Elderly are being short-changed by rushed home visits.

THE Midweek Herald is to press for a change in the law to compel private providers of personal and domestic home care to include travelling times between appointments in staff schedules.

Thanks to our readers, we are able to prove that the most vulnerable in our society are being short-changed by rushed visits and jobs not being completed – because staff are in a hurry to get to their next job.

These hurried appointments are being conducted by staff working for a small number of care agencies. Those agencies are poised to be contacted by the Midweek Herald. The majority of care providers in our area offer an excellent service.

We will also be calling for a more comprehensive inspection procedure – to ensure the Care Quality Commission gives a fairer picture of service delivery.

A more serious matter, which threatens the health and safety of the vulnerable, is to be taken up immediately with the Care Quality Commission.

This involves a flaw in recruitment of staff and can be dealt with under existing legislation.

The Herald is concerned to discover that not all personal care workers have the ability to read important care plans, many drawn up by hospital discharge nurses and members of Devon County Council’s health and social care team.

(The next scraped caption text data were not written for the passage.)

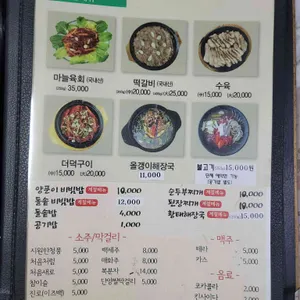 돌집식당 리뷰 사진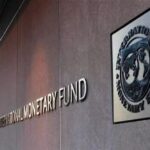 صندوق النقد الدولي يكشف عن توقعاته للاقتصاد العالمي لعام 2021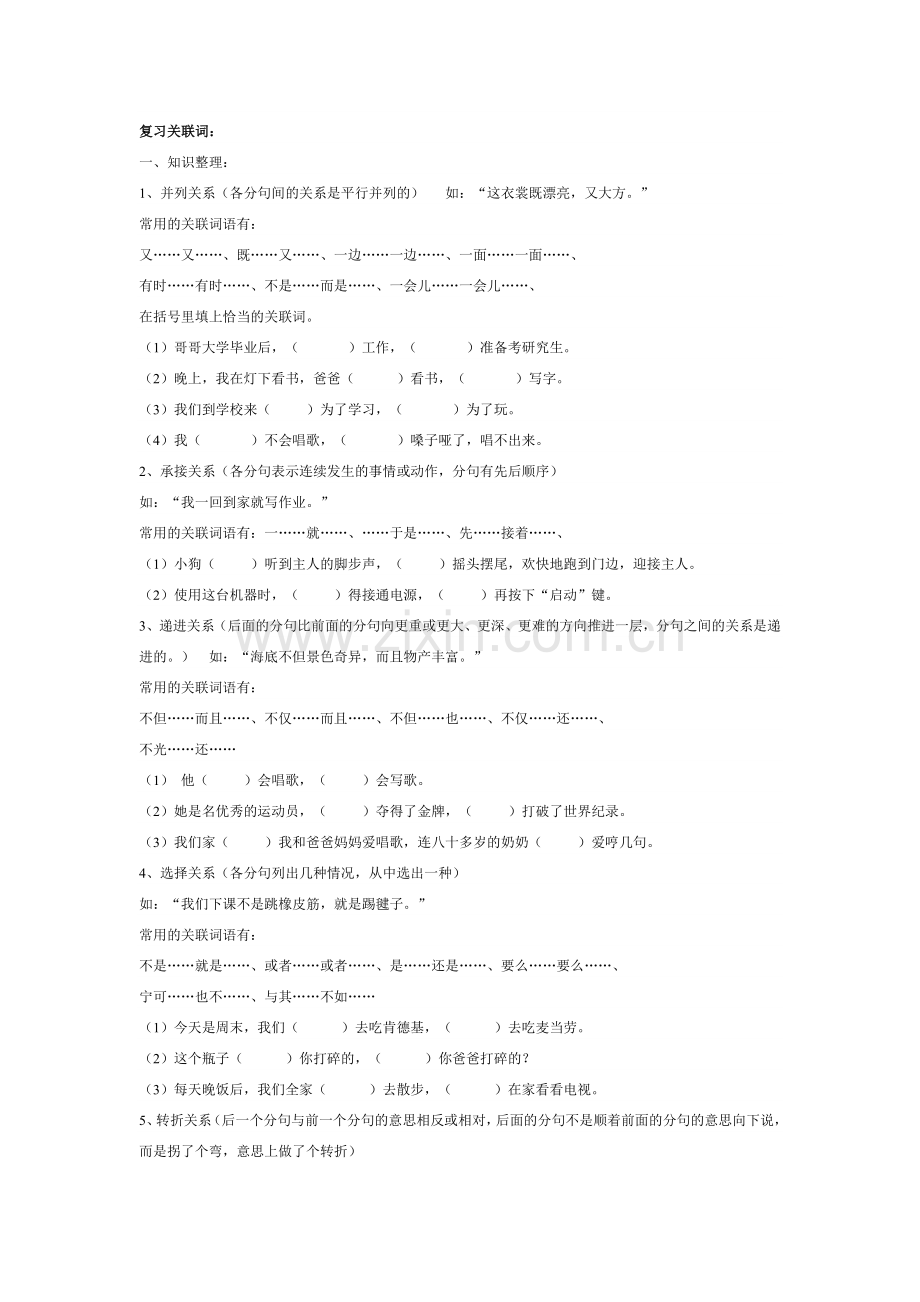 四年级关联词和课外阅读.doc_第1页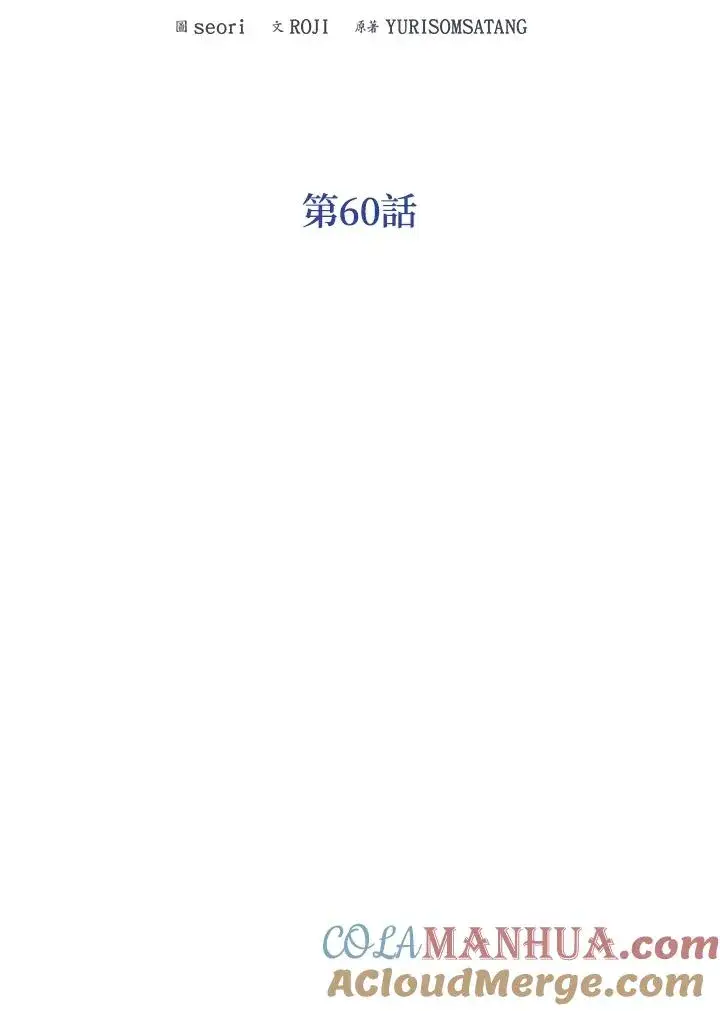 漫画《看见状态栏的宝贝皇女》第60话第9张图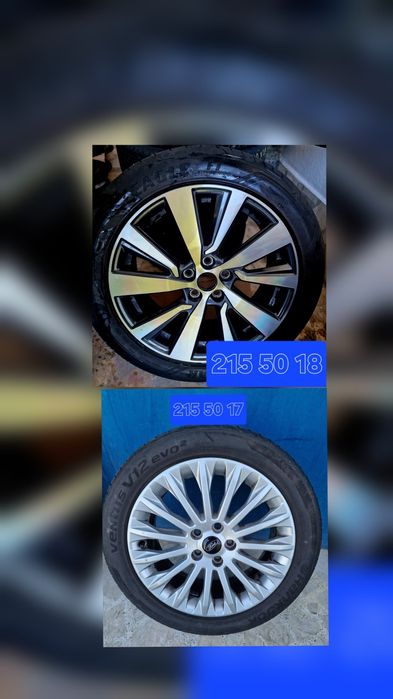 Ford 17 и 18 цола Перфектно състояние Замъка Ямбол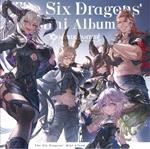The Six Dragons` Mini Album -Granblue Fantasy-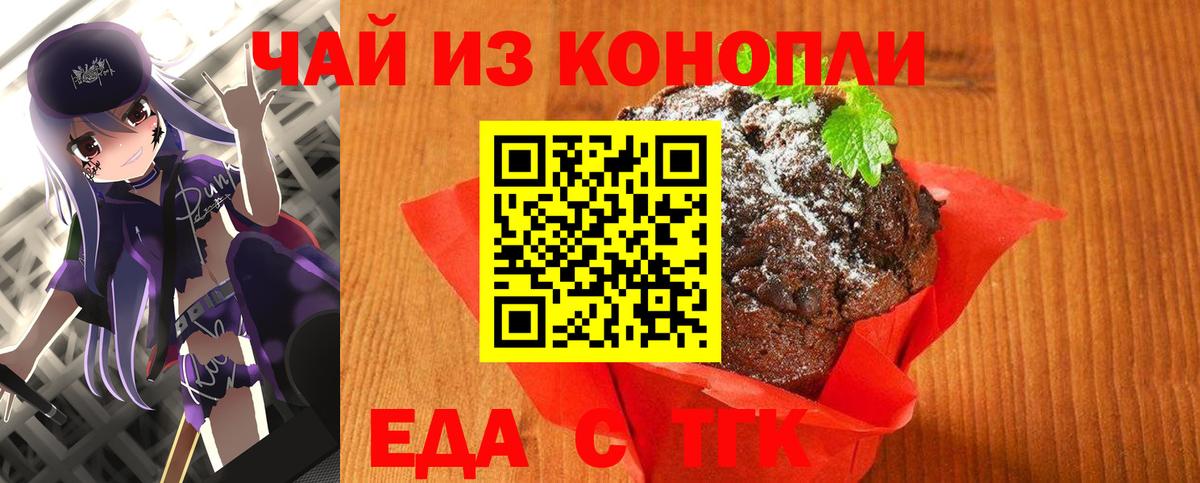Cannafood конопля  Вход с VPN  Рассказово 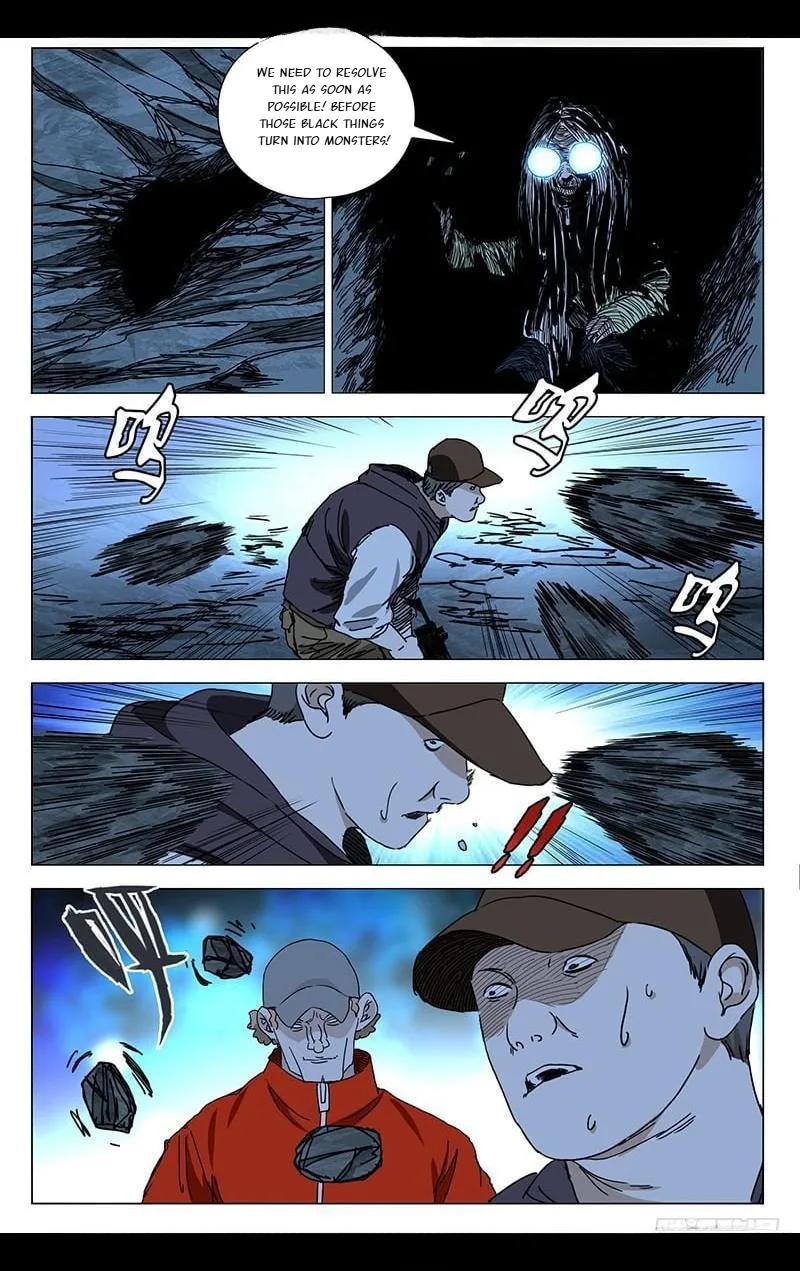 The Outcast Chapter 339 page 4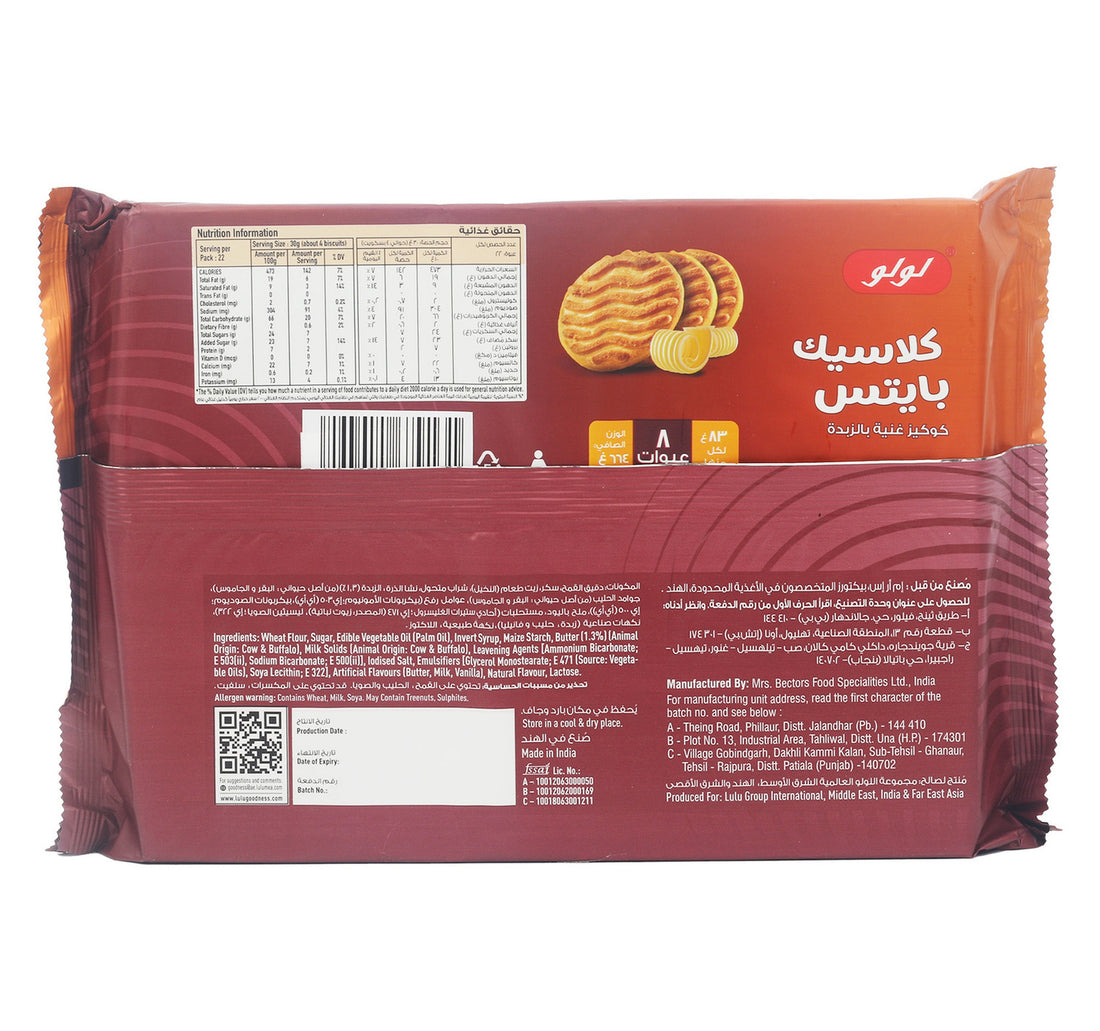 LuLu Classic Bites Rich Butter Cookies 2 x 664 g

A percentage of those carers are foreign workers, some of whom cannot properly read English and whose command of the spoken language is not good enough to effectively communicate with elderly clients.

Those who have complained to agencies have been told they are racist.

Poppycock, says the Midweek Herald.

When a person’s health and safety is being put at risk, it is a matter that warrants serious investigation.

Two agencies are to be approached directly by the Midweek Herald, pending complaints to statutory bodies. The overall theme of our phone-in on the subject of private home care was one of fear.

Elderly people, who are dependent on strangers to help them in their own homes, are reluctant to speak out about problems.

However, they responded to our phone-in in their droves – along with paid carers.

The Midweek Herald would like to thank all those who called, especially those who had to wait to be called back.

We would like to assure those people, we are liaising with Devon County Council (Trading Standards), the Care Quality Commission and police. We aim to hold a meeting with MP Neil Parish next month.